En realidad, eso de “la reina del rock” es sólo un eslogan comercial bastante impreciso para identificar a la estrella. Tina Turner no fue realmente rockera: comenzó cantando inconfundiblemente soul y así siguió. Ni cuando acompañó a los Rolling Stones pudo ocultar su poderoso e inocultable estilo. Tampoco al aparecer en la cinta inglesa Tommy de la ópera rock del grupo The Who. Para mí fue una leona de este género negro. Porque el soul se caracteriza por emitir vocales fuertes que se elevan como rugidos al cielo en un ritual sagrado, mientras que en el rock no: ahí lo que se alza con fuerza sobresaliente es el sonido de la guitarra; la voz, en cambio, es más callejera y profana, incluso underground (a excepción de Fredy Mercury, por supuesto).
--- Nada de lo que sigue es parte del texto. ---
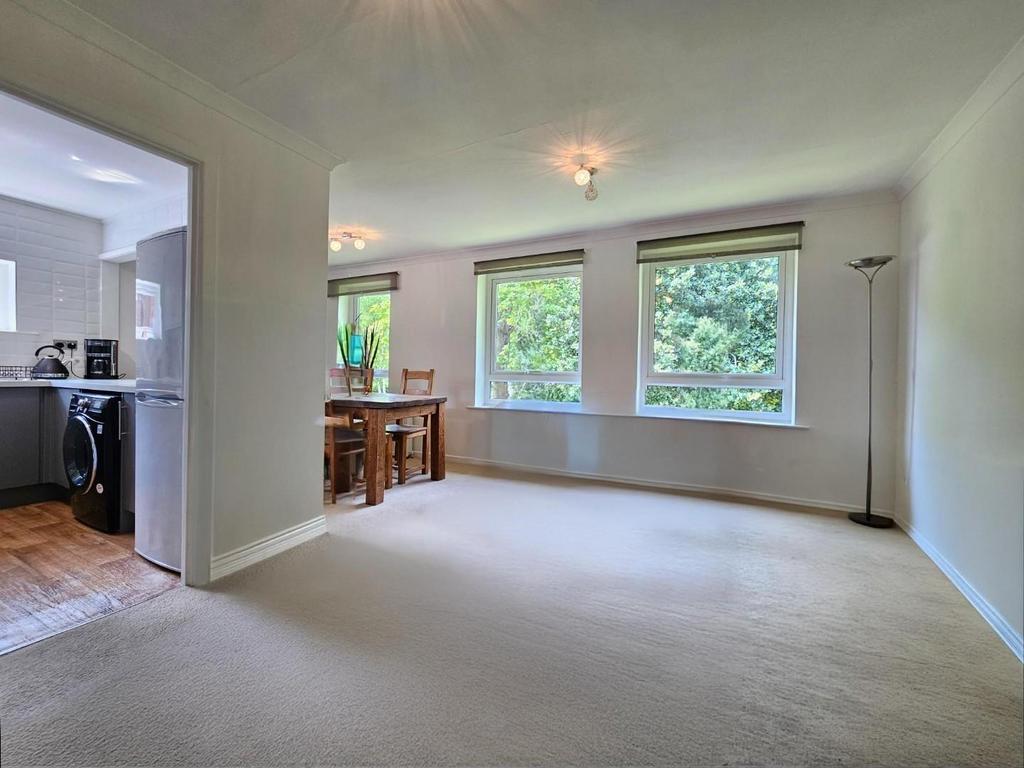 Living Dining Room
En los 80’s, Tina dominó los escenarios como nadie. Fundó el espectáculo masivo, vibrante y a todo volumen, antes de (y sin) la coreografía de bailarines cursis tipo Madona como soporte. Tina no necesitó esos distractores, ya que poseía la voz y el cuerpo suficientes para cubrir absolutamente de presencia musical sus conciertos. A diferencia de Aretha Franklin (ella si, llamada “la reina del soul“), la Turner gritaba y se contorsionaba, provocativa y sensual, ante el micrófono. Era muy bella, de sonrisa y dientes perfectos; su musculatura, envidiable.
No hay nada más exacto para describir aquel cuerpazo que Tina Turner y sus piernas de catedral … Si en algún momento enseñó a bailar a Mick Jagger, eso significa que el diablo no estaba en él, sino en ella.